The video repository on this site is growing. We will continue to add video as we produce it. Please visit us again soon to see what is new.
Why We Do Usability Testing
We do usability testing at Novell because we want Linux to be easy-to-use and easy-to-learn. Usability testing provides us with a reliable way to measure how well different software designs meet these goals.
We do usability tests for three main reasons:
- To find out which parts of a given design work well for our target audience and which parts don't. For example, we ran general tests on the F-Spot photo organizer because we wanted to gain an overall understanding of what its interface did well, and what it did poorly.
- To compare the effectiveness of various designs. For example, we ran comparison tests on KDM and GDM to figure out which program was more usable for members of our target audience.
- To verify that our specific usability goals have been satisfied. For example, after running several iterations of tests on the Gnome sound capplet, we proposed a set of changes to its user interface. After these changes were made, we ran a round of usability tests on the capplet to ensure that our changes did in fact help us to meet our goals for that tool.
Our testing methodology allows us to collect many kinds of data, including behavioral data, qualititative data, and quantitative data.
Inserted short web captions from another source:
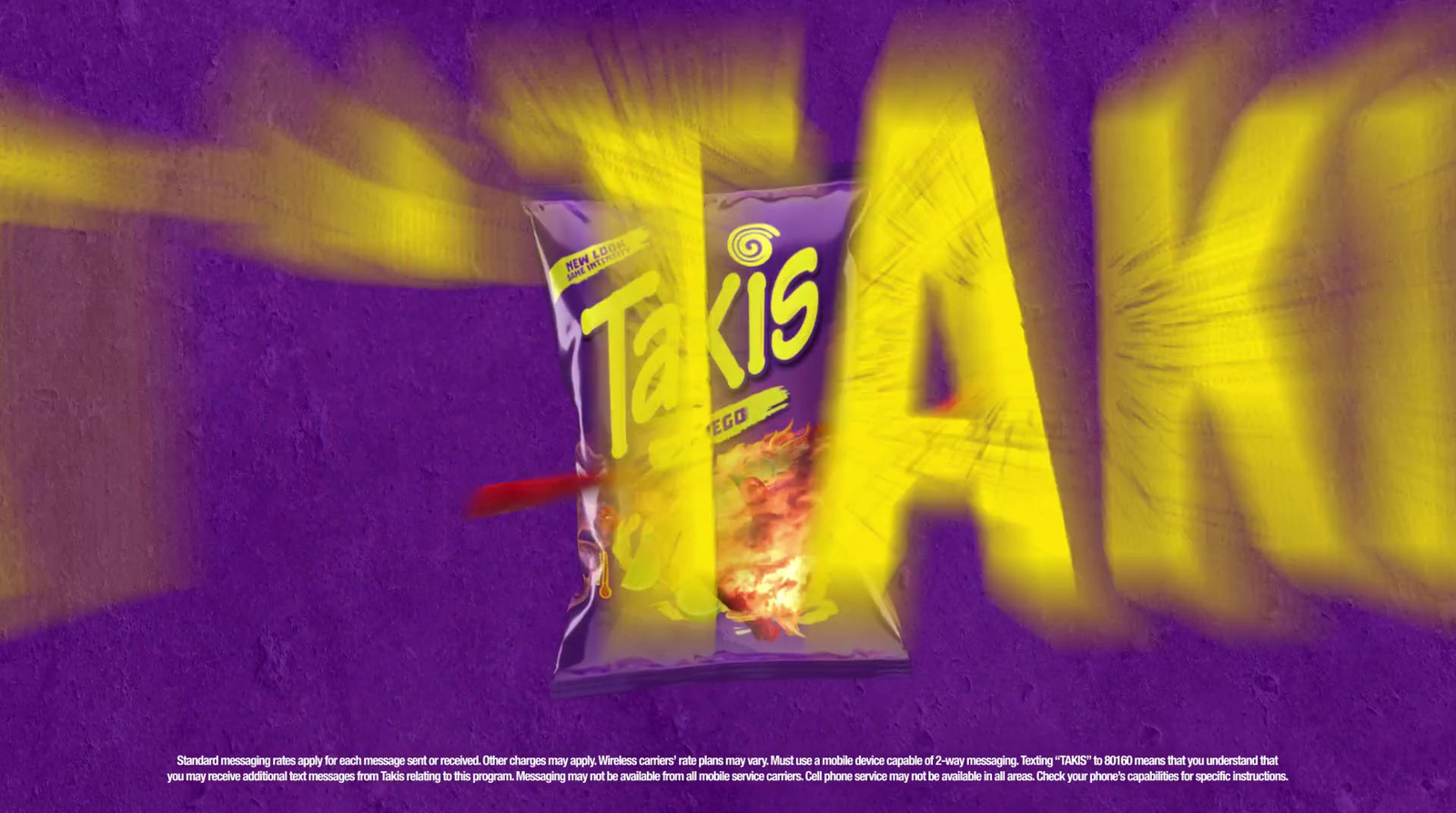 a bag of food sitting on top of a purple background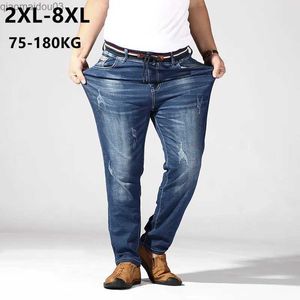 Jeans masculin GRAND Jeans pour hommes 6xl 7xl 8xl 180kg Summer Mens Pantalon Loose Denim bleu plus marque Torn Clothingl2404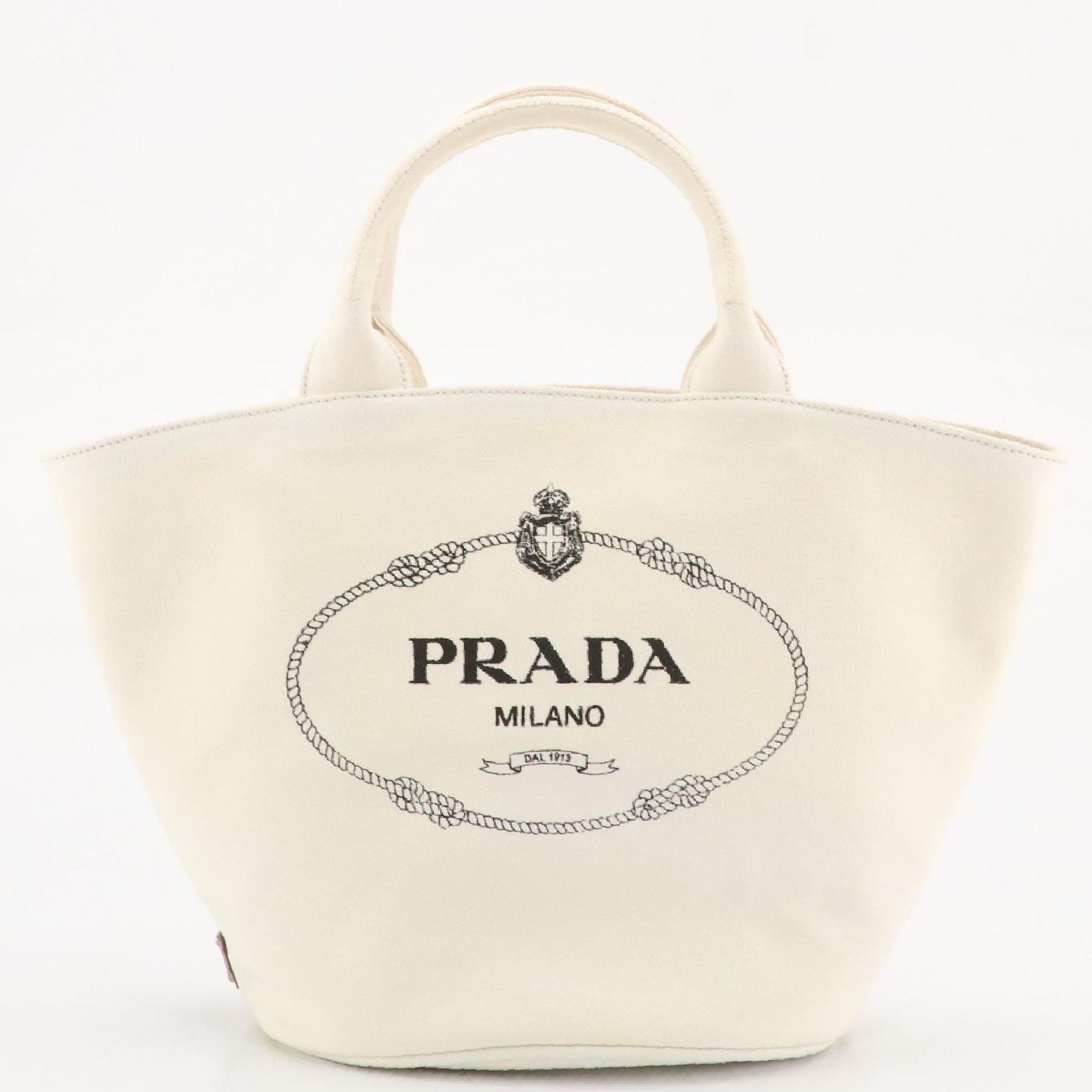 Prada Canapa Logo Two-Way Bucket Tote and Zip Pouch in White Canvas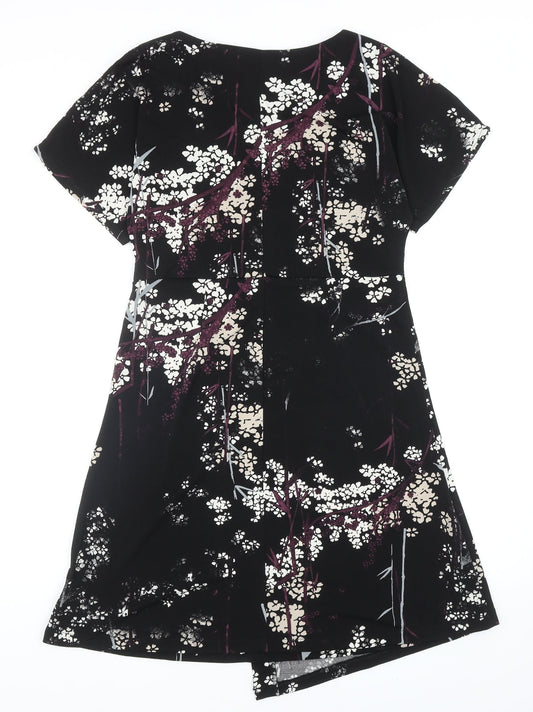 NEXT Womens Black Floral Polyester Trapeze & Swing Size 10 Round Neck Pullover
Each of these types of data helps us to build better software in a different way:
- We collect behavioral data simply by watching our test subjects use our software. By paying close attention to what they are doing and saying as they go through our tests, we learn about their habits, their workflows and their expectations. This data helps us to gain a more complete understanding of how people in the real world relate to computers.
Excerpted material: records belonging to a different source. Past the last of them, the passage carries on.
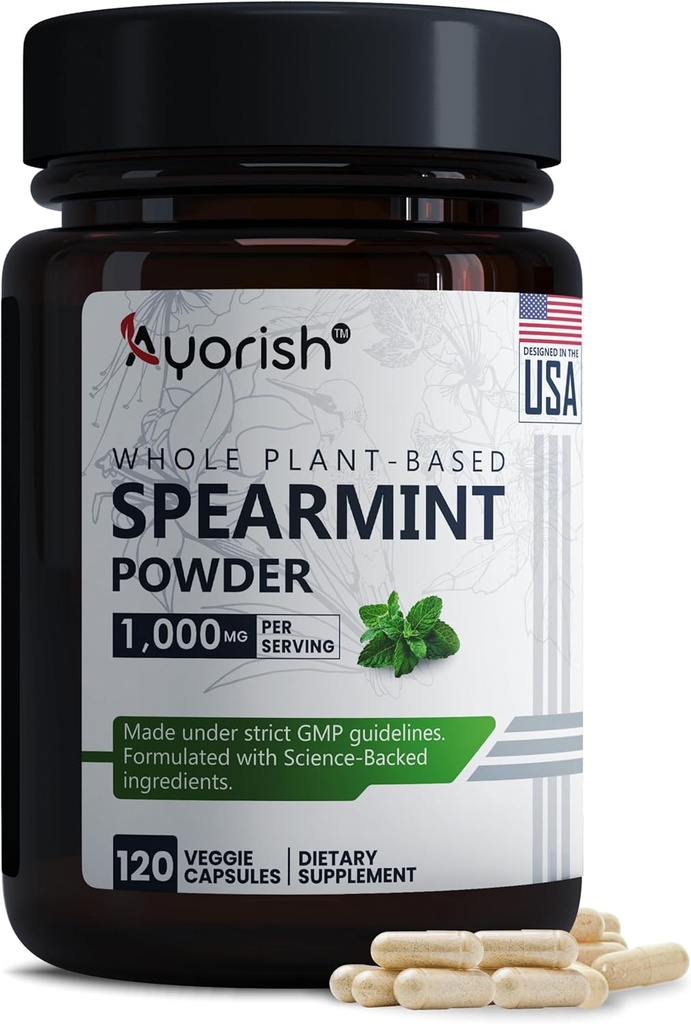 Spearmint Capsules 1000mg - Spearmint Leaves for Gut Cleanse & Digestive Support - Mentha Spicata Supplement - Non GMO, Gluten Free - 120 Zähler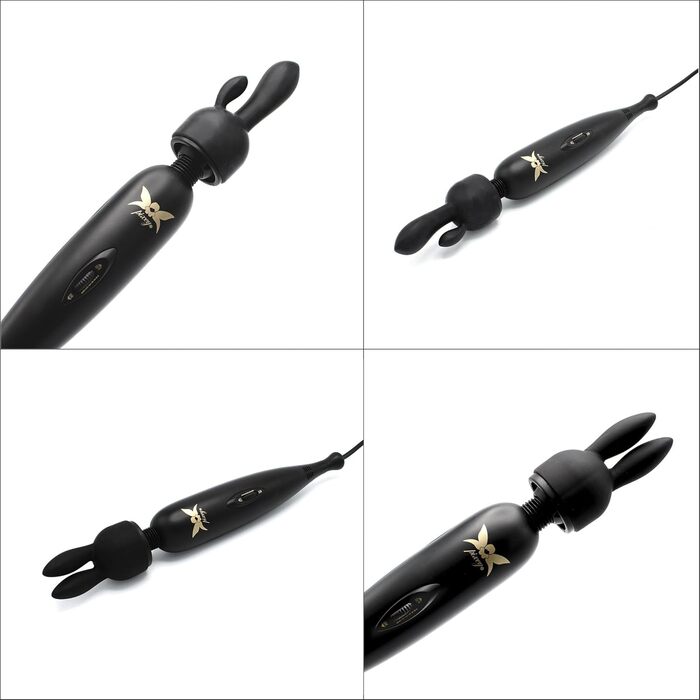 Вібратор Pixey Wand Turbo All-in-One - потужний, з регулюванням швидкості, з мережевим кабелем та 2 насадками (Black Edition, чорний)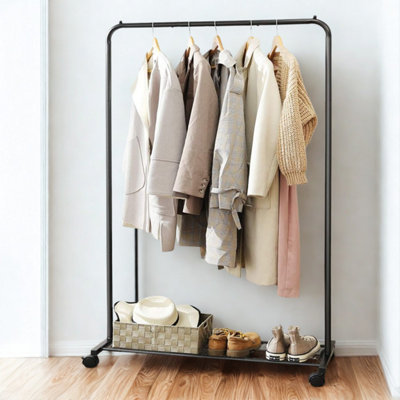 Metal Clothes Rack Rail on Wheels With Storage Shelf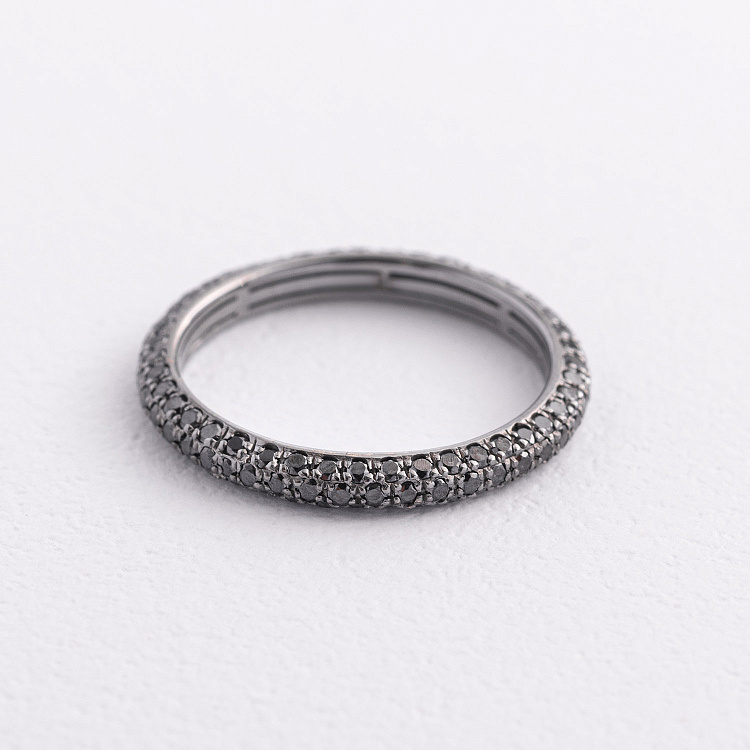 Золотое кольцо с черными бриллиантами кб0242sth от ювелирного магазина Оникс - 2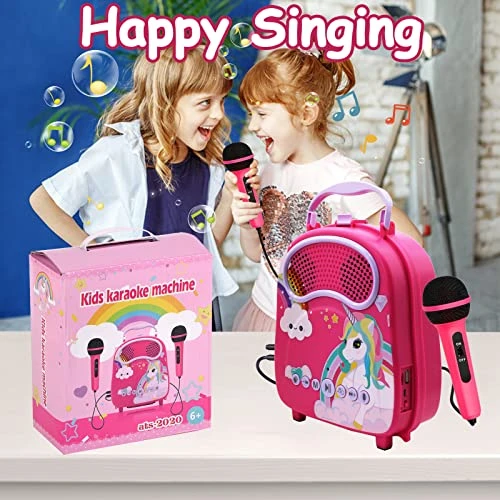 Kids Karaoke Machine For Girls Boys With 2 Microphones Portable Children Singing Machine Includes Voice Change/Storage Space Bluetooth Toddler Karaoke Speaker Toy Gift For Birthday Festival 6 Kids Karaoke Machine For Girls Boys With 2 Microphones Portable Children Singing Machine Includes Voice Change/Storage Space Bluetooth Toddler Karaoke Speaker Toy Gift For Birthday Festival - Image 4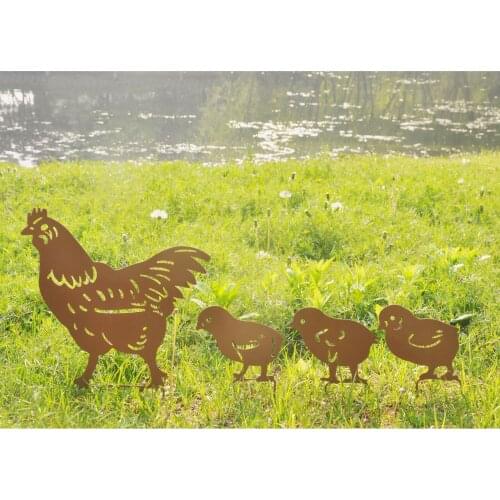 4PCS Chicken Family Silhouette Animal Shape Yard Chicken Home Decoration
- We collect qualitiative data by videotaping our subjects as they think outloud about our software. This data helps us to make educated guesses about how to improve our designs. It helps us to understand how our test subjects feel about the software they are using. By paying attention to our test subjects' expressions, tones of voice, gestures and pauses, we can learn to improve the quality of their experience. We use qualititative data to help us make using our software pleasant.
- We collect quantitative data by keeping track of statistics like how many test subjects completed a given task correctly, the average time it took to complete a given task, the percentage of test subjects who gave up on a given task, etc. Over time, we will add more statistical data to this site.